Center for Informed Democracy & Social - cybersecurity (IDeaS) › News › Research Spotlight: Quantifying Polarization through Machine Translation

Center for IDeaS

Research Spotlight: Quantifying Polarization through Machine Translation

In this paper, the authors propose a novel framework to quantify political polarization using machine translation, focusing on user comments on YouTube news videos from four prominent US cable news networks (CNN, Fox News, MSNBC, One America News Network)

The Center for Informed Democracy and Social-cybersecurity (IDeaS), CMU's center for Disinformation, Hate Speech and Extremism Online has a new publication:

We Don't Speak the Same Language: Interpreting Polarization through Machine Translation. Ashiqur R. KhudaBukhsh*, Rupak Sarkar*, Mark S. Kamlet, Tom M. Mitchell. 35th AAAI Conference on Artificial Intelligence (AAAI 2021).

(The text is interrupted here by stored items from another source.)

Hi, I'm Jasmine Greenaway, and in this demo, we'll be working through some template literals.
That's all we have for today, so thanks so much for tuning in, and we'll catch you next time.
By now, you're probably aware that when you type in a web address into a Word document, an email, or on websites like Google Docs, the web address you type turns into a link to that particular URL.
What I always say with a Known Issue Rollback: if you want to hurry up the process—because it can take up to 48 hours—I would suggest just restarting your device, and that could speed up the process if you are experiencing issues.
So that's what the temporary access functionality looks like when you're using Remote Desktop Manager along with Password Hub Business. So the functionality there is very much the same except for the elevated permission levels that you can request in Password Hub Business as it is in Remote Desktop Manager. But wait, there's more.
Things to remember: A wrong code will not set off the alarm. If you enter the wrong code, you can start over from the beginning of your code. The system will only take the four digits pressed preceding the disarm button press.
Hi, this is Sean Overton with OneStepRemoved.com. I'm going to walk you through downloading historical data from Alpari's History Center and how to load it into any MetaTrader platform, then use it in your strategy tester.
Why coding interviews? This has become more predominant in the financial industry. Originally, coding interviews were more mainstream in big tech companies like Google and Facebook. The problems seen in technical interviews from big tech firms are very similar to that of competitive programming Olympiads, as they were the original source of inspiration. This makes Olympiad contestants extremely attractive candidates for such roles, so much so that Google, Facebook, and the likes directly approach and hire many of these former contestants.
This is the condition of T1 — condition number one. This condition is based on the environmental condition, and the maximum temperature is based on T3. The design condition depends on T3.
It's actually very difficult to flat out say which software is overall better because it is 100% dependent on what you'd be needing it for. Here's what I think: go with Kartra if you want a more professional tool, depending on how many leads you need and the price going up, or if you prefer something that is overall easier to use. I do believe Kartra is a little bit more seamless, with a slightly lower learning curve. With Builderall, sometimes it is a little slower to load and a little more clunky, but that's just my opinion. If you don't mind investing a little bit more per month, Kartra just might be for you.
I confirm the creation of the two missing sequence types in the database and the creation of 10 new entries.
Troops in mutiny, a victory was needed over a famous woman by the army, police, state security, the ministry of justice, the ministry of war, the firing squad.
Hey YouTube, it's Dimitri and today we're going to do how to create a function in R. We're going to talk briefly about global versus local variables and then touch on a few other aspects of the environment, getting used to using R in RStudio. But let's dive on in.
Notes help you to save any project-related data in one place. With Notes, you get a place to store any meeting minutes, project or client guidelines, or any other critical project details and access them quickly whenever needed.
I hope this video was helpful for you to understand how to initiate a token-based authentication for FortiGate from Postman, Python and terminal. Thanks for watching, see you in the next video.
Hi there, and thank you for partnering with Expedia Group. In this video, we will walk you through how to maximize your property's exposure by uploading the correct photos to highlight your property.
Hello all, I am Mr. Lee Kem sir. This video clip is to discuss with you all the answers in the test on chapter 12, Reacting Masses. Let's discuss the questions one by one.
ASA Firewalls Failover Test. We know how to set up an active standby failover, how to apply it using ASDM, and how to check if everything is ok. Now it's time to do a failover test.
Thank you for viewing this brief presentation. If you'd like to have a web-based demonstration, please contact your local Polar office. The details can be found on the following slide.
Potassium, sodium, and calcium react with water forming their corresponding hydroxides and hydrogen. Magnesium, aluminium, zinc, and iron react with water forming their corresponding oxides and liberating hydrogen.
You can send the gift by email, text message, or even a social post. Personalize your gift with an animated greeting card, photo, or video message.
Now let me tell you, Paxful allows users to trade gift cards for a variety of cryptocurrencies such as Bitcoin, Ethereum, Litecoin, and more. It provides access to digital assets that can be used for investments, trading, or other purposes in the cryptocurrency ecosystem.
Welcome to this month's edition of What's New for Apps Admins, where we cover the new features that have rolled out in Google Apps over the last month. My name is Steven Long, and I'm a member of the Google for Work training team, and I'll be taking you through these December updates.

Available online here: https://arxiv.org/pdf/2010.02339.pdf

Polarization among US political parties, media and elites is a widely studied topic. Prominent lines of prior research across multiple disciplines have observed and analyzed growing polarization in social media. In this paper, we present a new methodology that offers a fresh perspective on interpreting polarization through the lens of machine translation. With a novel proposition that two sub-communities are speaking in two different languages, we demonstrate that modern machine translation methods can provide a simple yet powerful and interpretable framework to understand the differences between two (or more) large-scale social media discussion data sets at the granularity of words.

This paper:

Develops a quantifiable framework to evaluate how similar or dissimilar web-scale discussions of two sub-communities are by offering a fresh perspective on interpreting linguistic manifestation of polarization through the lens of machine translation.
Presents an efficient way to identify and understand issue-centric differences by examining a few hundred salient translation pairs, rather than millions of social media posts.
Demonstrates that modern machine translation methods can provide a simple yet powerful and interpretable framework to understand the difference between two or more large-scale social media discussion data sets at the granularity of words.
Opens the possibility for using machine translation on other social media platforms and expanding use to the level of phrases and sentences.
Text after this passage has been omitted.